Who’s involved in a workers’ compensation case?
There are 4 main parties or groups in a workers’ compensation case.
- Claimant. First, there is the injured worker and their representatives. This includes attorneys who represent the injured worker, family members of the injured worker and maybe even friends of the injured worker.
- Employer. The second party in a workers’ compensation claim is the employer. The list of representatives for the employer may include supervisors, safety managers, members of the human resource department and witnesses to the accident.
- Insurer. A third party that is involved in a workers’ compensation case is the insurance company and those who represent the insurance company. These folks include adjusters, attorneys for the insurance carrier, and nurse case managers. What they all have in common is that they are paid to represent the insurance company.
- Medical providers. The fourth group in a workers’ compensation case are the medical providers. Medical providers include doctors, physical therapists, nurse practitioners and medical assistants.
As you can see, there are many different individuals who may be involved in a workers’ compensation case. Ensuring proper communication between all of these parties is essential in achieving the objective of a workers’ compensation claim, which is ensuring that the injured worker receives medical treatment that allows them to return to work.
Why communication is key
It is important that there is constant communication between all of the parties because so much of the workers’ compensation system is built around the injured workers’ treatment with the authorized treating physician. The authorized treating physician determines when an injured worker can return to work, when they are unable to work, or when they can work but with certain restrictions.
There are times when an insurance carrier will hire a nurse case manager in an attempt to coerce a doctor to release an injured back to work before it is medically prudent. Sometimes these nurse case managers will draft correspondence to doctors omitting relevant and important facts about the claim in pursuit of their objective.
Other times, nurse case managers attempt to attend the appointment with the injured worker. Georgia law allows the injured worker to request that the nurse case manager not be present with them when they are seeing the doctor.

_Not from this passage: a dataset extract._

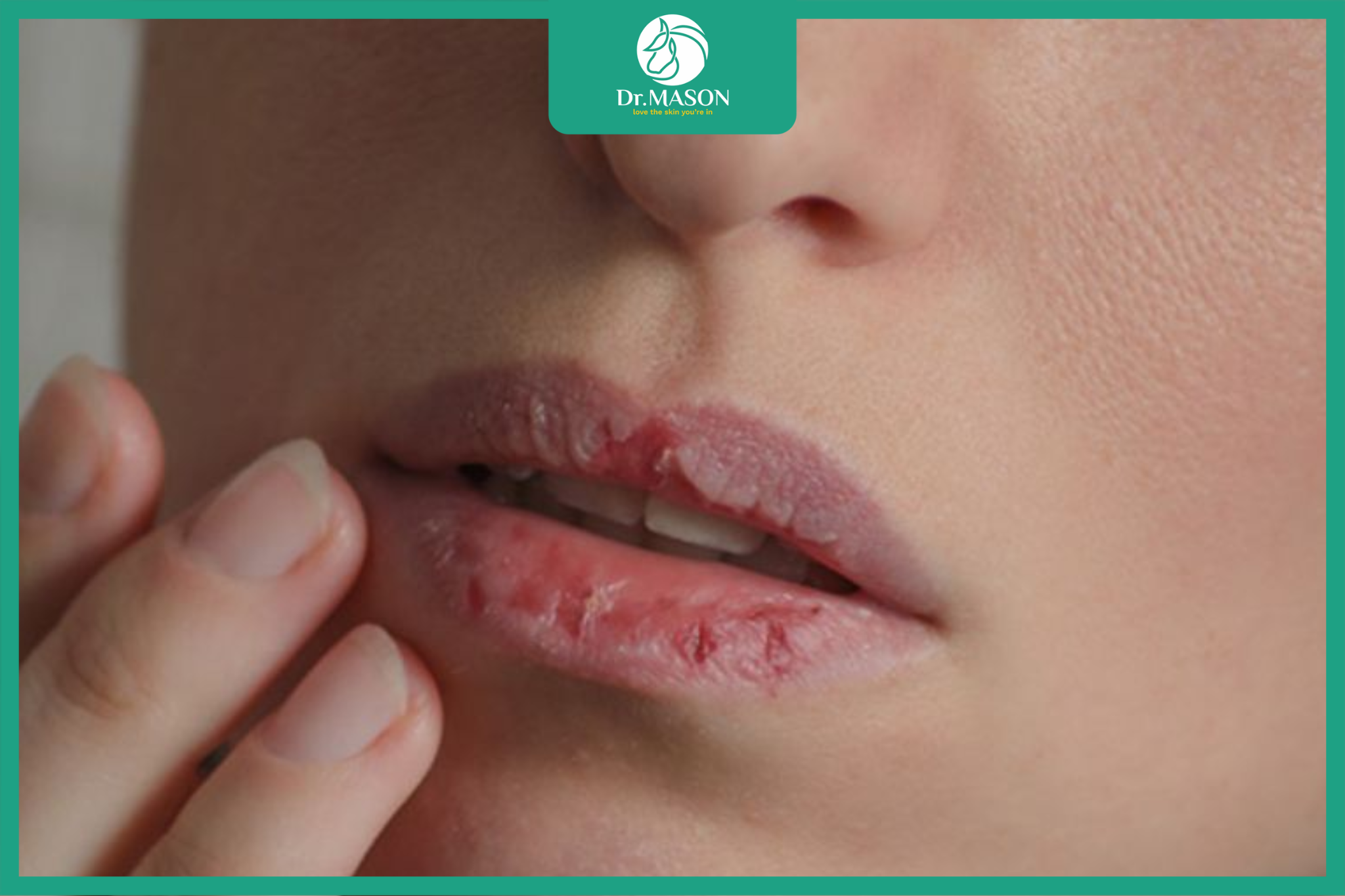 khô môi khi dùng isotretinoin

New Jersey law aims to improve communication
New Jersey recently proposed a law in an attempt to deal with the communication problem commonly present in workers’ compensation cases. This new law will require the employer or insurance company to notify the injured worker or their representative of the time, date and substance of any communication they have with the authorized treating physician.
We’ll see if this new rule helps to reduce the nefarious actions that commonly take place on behalf of the insurance company with the authorized treating physician. If it does, rest assured that we’ll advocate for similar legislation here in Georgia.